Records shown.
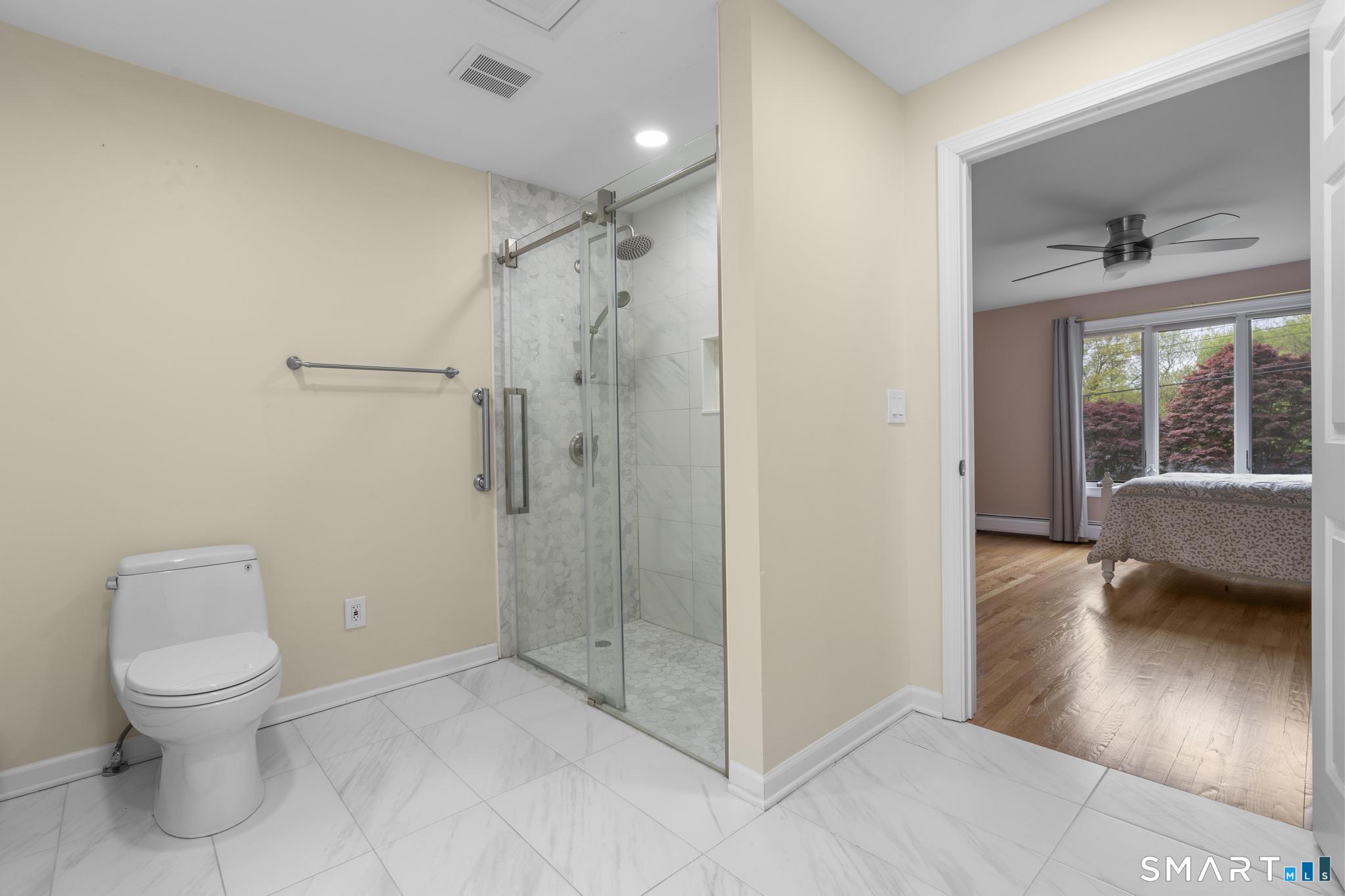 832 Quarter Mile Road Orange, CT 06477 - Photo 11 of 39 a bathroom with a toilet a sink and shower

...

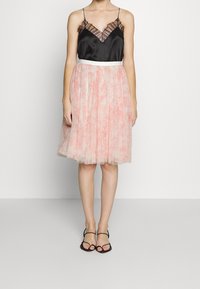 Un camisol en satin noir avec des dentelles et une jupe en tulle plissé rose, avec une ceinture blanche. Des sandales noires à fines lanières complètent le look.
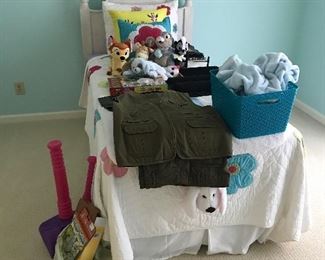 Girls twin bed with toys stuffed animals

Work required. Return word for word the lines of the listing above, starting at the line with "Un camisol en" and ending at the line with "Girls twin bed with toys stuffed animals", both included. Pictures do not belong in the copy.

Reply.
 Un camisol en satin noir avec des dentelles et une jupe en tulle plissé rose, avec une ceinture blanche. Des sandales noires à fines lanières complètent le look.
 Girls twin bed with toys stuffed animals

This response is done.